Directions for this task: A verbatim reproduction of the lines below, from the line containing "Used 1994 Pontiac" through the line containing "Vatalel wandlamp", both ends included, is the whole required output.

[Stored dataset items]
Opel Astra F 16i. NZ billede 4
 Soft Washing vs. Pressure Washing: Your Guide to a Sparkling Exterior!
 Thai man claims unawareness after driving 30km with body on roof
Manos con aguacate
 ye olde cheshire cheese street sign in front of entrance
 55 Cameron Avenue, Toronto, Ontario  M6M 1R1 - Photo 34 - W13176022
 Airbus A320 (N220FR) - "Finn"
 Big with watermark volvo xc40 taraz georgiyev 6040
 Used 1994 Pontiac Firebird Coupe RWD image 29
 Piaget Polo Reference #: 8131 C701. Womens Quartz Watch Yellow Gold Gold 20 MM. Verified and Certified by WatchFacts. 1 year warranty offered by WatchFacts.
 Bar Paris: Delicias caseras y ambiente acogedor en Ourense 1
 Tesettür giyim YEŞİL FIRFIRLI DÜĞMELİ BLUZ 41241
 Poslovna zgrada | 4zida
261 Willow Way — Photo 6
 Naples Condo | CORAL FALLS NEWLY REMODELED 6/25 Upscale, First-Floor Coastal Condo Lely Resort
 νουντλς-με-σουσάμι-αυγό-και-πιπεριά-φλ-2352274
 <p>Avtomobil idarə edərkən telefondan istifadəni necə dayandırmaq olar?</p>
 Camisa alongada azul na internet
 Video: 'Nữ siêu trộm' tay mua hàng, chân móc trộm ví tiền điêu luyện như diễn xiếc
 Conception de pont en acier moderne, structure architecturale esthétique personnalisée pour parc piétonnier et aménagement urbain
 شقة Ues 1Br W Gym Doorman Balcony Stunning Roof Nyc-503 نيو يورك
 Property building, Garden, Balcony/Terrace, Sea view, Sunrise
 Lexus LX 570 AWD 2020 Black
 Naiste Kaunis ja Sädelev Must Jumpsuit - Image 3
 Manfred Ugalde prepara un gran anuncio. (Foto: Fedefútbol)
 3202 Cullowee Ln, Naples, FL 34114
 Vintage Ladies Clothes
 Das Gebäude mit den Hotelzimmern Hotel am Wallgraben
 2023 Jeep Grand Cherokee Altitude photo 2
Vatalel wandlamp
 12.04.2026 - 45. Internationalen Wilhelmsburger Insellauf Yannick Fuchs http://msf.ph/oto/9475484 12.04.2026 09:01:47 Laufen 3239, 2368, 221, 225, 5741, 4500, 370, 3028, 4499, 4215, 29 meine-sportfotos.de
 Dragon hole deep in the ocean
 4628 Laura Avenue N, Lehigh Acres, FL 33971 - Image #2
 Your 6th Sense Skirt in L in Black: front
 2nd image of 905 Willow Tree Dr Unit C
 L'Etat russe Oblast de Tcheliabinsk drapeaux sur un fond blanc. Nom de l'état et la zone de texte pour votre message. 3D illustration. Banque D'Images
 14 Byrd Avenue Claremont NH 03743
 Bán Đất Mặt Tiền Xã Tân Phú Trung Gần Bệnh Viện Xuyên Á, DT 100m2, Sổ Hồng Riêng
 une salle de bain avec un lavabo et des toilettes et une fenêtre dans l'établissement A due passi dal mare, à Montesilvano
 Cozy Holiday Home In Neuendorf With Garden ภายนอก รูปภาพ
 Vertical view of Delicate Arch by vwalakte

Your response:
 Used 1994 Pontiac Firebird Coupe RWD image 29
 Piaget Polo Reference #: 8131 C701. Womens Quartz Watch Yellow Gold Gold 20 MM. Verified and Certified by WatchFacts. 1 year warranty offered by WatchFacts.
 Bar Paris: Delicias caseras y ambiente acogedor en Ourense 1
 Tesettür giyim YEŞİL FIRFIRLI DÜĞMELİ BLUZ 41241
 Poslovna zgrada | 4zida
261 Willow Way — Photo 6
 Naples Condo | CORAL FALLS NEWLY REMODELED 6/25 Upscale, First-Floor Coastal Condo Lely Resort
 νουντλς-με-σουσάμι-αυγό-και-πιπεριά-φλ-2352274
 <p>Avtomobil idarə edərkən telefondan istifadəni necə dayandırmaq olar?</p>
 Camisa alongada azul na internet
 Video: 'Nữ siêu trộm' tay mua hàng, chân móc trộm ví tiền điêu luyện như diễn xiếc
 Conception de pont en acier moderne, structure architecturale esthétique personnalisée pour parc piétonnier et aménagement urbain
 شقة Ues 1Br W Gym Doorman Balcony Stunning Roof Nyc-503 نيو يورك
 Property building, Garden, Balcony/Terrace, Sea view, Sunrise
 Lexus LX 570 AWD 2020 Black
 Naiste Kaunis ja Sädelev Must Jumpsuit - Image 3
 Manfred Ugalde prepara un gran anuncio. (Foto: Fedefútbol)
 3202 Cullowee Ln, Naples, FL 34114
 Vintage Ladies Clothes
 Das Gebäude mit den Hotelzimmern Hotel am Wallgraben
 2023 Jeep Grand Cherokee Altitude photo 2
Vatalel wandlamp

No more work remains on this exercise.